Keep the text of the data exactly as it is and omit each picture from the copy.

***** Data below

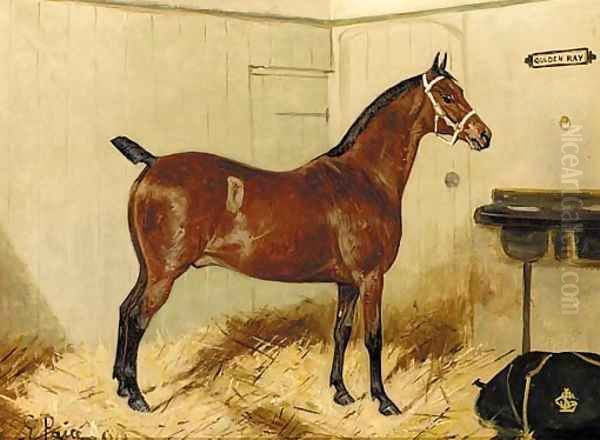 Mighty Atom, a bay hunter in a stable Oil Painting by George Paice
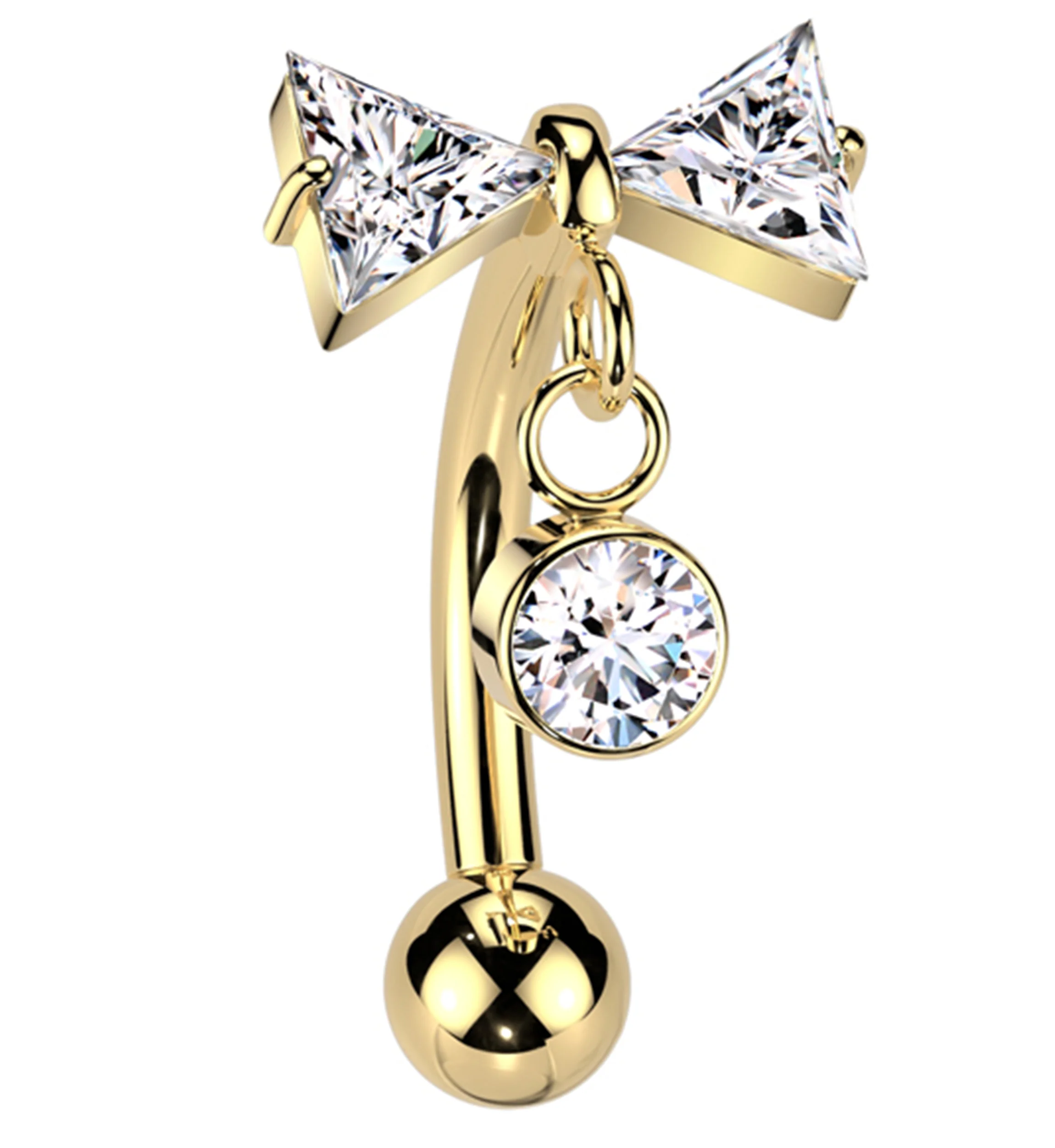 16G Gold PVD Bow Dangle Clear CZ Threadless Titanium Curved Barbell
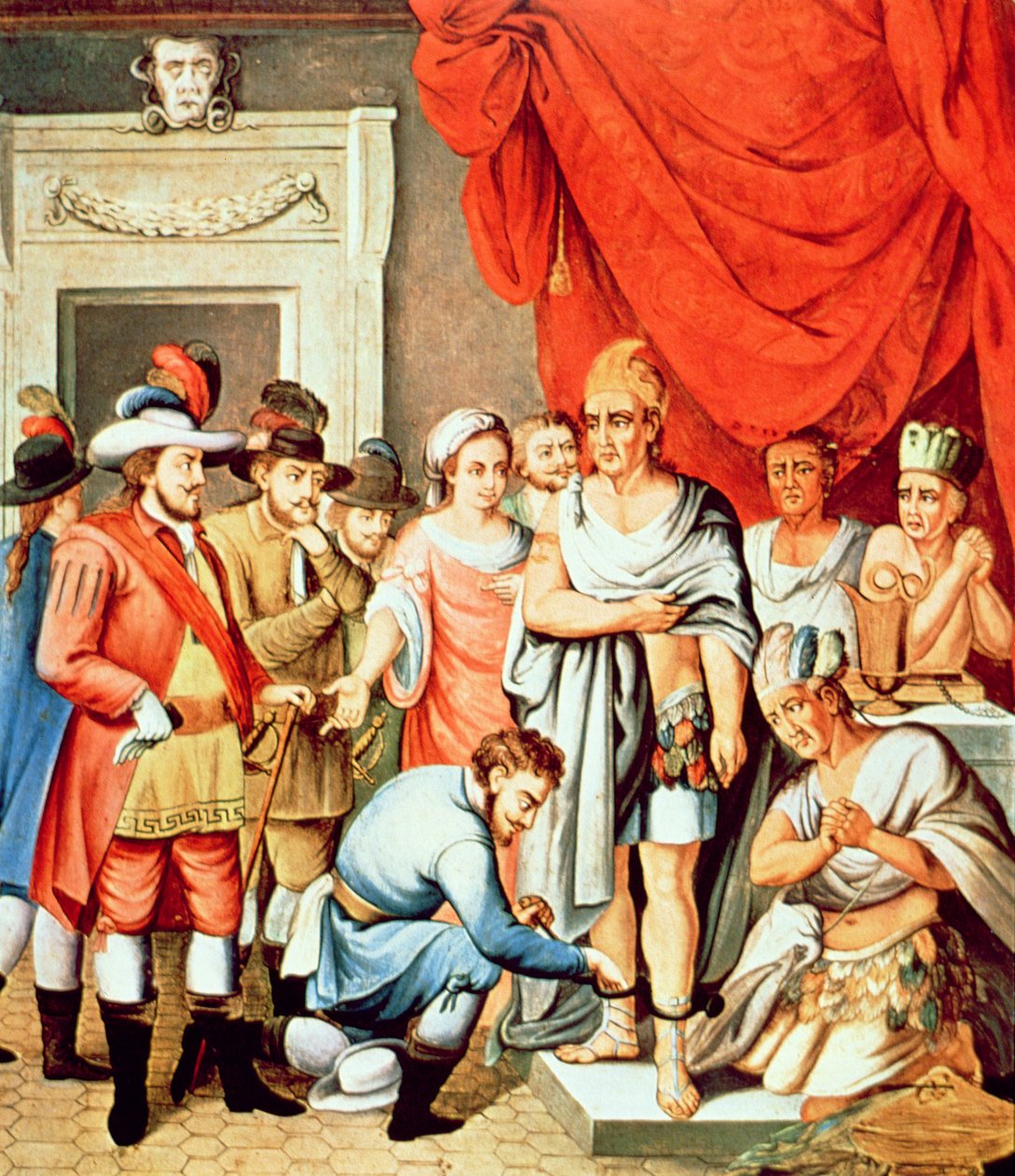 Hernan Cortes beordrar att bojor sätts på anklarna på Montezuma (färg litho) av School Spanish
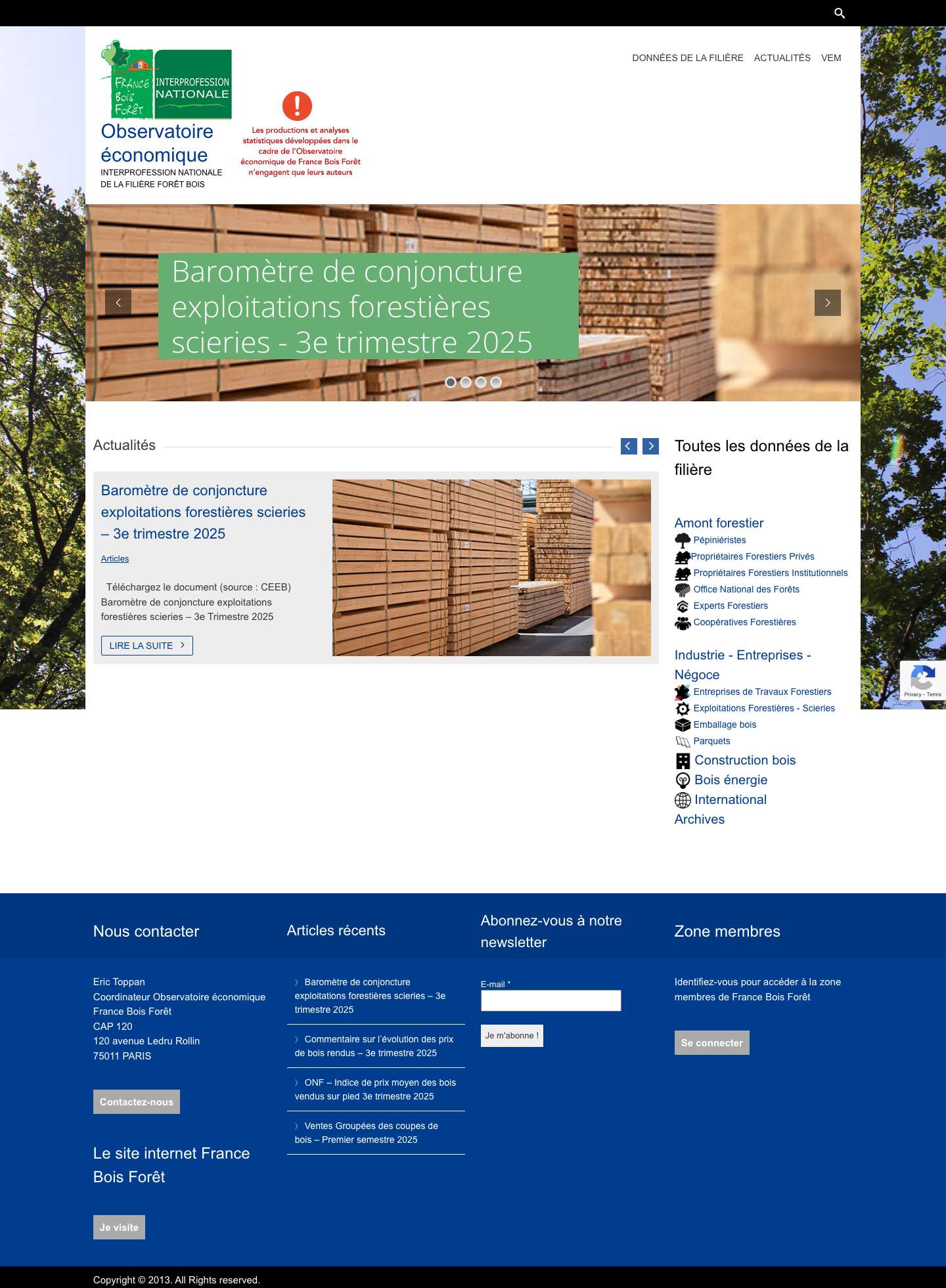 Observatoire économique Interprofession nationale de la filière forêt bois - Full Screenshot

**********

* [Result below]
 Mighty Atom, a bay hunter in a stable Oil Painting by George Paice
 16G Gold PVD Bow Dangle Clear CZ Threadless Titanium Curved Barbell
 Hernan Cortes beordrar att bojor sätts på anklarna på Montezuma (färg litho) av School Spanish
 Observatoire économique Interprofession nationale de la filière forêt bois - Full Screenshot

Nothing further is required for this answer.